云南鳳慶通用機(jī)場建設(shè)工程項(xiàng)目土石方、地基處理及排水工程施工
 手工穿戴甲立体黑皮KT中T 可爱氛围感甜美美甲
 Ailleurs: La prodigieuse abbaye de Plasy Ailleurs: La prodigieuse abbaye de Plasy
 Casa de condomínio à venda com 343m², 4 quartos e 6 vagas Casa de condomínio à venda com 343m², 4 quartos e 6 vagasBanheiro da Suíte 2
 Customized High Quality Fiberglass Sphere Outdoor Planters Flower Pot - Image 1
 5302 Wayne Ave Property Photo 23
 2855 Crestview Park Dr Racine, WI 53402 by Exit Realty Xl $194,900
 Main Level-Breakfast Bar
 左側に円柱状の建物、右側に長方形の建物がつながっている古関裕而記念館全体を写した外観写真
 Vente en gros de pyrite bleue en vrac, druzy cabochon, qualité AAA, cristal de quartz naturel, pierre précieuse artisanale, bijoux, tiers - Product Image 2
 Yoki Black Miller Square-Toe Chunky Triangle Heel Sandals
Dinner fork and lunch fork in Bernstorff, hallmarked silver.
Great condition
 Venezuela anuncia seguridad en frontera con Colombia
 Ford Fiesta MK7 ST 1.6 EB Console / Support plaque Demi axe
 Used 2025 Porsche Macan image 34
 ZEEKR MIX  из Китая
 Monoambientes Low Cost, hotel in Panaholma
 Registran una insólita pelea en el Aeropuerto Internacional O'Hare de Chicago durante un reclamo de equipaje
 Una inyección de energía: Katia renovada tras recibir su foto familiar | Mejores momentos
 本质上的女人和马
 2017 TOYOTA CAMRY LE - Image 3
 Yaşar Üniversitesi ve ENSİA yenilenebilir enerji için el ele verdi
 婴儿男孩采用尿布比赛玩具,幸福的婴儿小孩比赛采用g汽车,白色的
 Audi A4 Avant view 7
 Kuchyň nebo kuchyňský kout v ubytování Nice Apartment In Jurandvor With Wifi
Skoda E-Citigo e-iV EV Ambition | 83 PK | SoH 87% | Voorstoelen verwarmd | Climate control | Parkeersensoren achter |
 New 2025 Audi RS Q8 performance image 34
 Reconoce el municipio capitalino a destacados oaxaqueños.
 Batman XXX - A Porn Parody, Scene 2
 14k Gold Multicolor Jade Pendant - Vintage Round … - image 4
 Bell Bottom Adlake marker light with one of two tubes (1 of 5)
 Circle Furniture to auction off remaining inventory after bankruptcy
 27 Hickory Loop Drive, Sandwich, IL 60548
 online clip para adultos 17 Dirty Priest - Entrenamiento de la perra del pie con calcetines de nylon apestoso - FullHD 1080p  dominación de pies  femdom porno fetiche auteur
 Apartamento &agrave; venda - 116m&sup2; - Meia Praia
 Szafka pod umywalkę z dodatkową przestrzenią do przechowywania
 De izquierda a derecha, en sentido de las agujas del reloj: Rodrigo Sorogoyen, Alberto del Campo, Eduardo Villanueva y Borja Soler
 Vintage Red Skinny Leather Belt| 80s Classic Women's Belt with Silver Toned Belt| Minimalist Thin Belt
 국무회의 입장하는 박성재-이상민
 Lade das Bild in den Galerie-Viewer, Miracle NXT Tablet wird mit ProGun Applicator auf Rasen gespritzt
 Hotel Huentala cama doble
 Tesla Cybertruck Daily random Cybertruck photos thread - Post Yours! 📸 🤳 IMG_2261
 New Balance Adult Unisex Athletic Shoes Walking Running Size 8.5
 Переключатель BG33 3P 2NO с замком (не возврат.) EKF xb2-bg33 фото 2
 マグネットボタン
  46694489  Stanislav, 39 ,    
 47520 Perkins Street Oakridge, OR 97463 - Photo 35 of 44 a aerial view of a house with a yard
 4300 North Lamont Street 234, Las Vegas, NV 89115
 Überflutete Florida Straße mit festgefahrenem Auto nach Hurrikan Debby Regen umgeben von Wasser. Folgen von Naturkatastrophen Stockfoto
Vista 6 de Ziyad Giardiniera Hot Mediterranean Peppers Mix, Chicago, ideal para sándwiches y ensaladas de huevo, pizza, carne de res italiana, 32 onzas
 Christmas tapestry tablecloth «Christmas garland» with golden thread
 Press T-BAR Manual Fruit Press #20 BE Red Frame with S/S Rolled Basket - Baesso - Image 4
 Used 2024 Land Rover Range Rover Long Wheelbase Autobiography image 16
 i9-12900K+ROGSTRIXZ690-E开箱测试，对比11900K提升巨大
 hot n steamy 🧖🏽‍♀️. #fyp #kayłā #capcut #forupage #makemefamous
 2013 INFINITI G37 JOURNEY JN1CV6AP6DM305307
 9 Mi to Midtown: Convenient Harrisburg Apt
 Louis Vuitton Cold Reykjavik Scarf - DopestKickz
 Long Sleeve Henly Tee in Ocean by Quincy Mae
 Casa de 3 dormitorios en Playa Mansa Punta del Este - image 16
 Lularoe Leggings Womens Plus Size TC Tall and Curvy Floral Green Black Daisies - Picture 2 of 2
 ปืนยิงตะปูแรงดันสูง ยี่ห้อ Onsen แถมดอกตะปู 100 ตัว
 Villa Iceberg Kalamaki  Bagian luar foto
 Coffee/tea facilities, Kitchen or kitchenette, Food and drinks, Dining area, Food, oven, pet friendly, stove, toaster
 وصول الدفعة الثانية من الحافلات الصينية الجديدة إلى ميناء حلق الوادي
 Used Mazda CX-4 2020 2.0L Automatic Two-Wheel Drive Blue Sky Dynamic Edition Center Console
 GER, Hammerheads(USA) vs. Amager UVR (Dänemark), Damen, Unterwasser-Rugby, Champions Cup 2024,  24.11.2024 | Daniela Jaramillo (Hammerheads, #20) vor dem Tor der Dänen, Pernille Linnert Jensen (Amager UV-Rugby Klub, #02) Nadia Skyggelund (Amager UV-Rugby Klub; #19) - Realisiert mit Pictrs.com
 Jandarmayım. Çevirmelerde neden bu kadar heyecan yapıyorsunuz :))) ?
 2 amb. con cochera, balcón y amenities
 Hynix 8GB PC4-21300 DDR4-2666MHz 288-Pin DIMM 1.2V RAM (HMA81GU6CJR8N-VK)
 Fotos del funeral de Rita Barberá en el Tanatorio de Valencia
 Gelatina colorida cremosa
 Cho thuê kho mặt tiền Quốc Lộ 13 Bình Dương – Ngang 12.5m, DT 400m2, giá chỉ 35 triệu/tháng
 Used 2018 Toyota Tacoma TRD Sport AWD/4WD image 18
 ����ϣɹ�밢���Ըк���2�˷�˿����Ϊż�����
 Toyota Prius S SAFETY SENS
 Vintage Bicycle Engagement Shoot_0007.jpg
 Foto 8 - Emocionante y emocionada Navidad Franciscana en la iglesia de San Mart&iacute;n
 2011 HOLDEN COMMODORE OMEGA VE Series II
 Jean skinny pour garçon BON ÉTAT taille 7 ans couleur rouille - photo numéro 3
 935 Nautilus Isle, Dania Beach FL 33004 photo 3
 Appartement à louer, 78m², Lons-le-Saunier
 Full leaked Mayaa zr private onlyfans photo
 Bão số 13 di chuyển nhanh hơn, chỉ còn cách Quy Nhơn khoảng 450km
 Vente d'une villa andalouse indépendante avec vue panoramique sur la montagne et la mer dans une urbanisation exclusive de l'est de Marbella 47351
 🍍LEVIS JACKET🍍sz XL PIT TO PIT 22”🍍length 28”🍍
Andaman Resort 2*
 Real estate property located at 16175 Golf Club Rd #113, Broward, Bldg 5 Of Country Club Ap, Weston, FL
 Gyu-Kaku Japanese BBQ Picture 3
════════════════════
Activity: Please filter the entries above down to the lines holding "Vente" and copy them.

Solution:
 Vente en gros de pyrite bleue en vrac, druzy cabochon, qualité AAA, cristal de quartz naturel, pierre précieuse artisanale, bijoux, tiers - Product Image 2
 Vente d'une villa andalouse indépendante avec vue panoramique sur la montagne et la mer dans une urbanisation exclusive de l'est de Marbella 47351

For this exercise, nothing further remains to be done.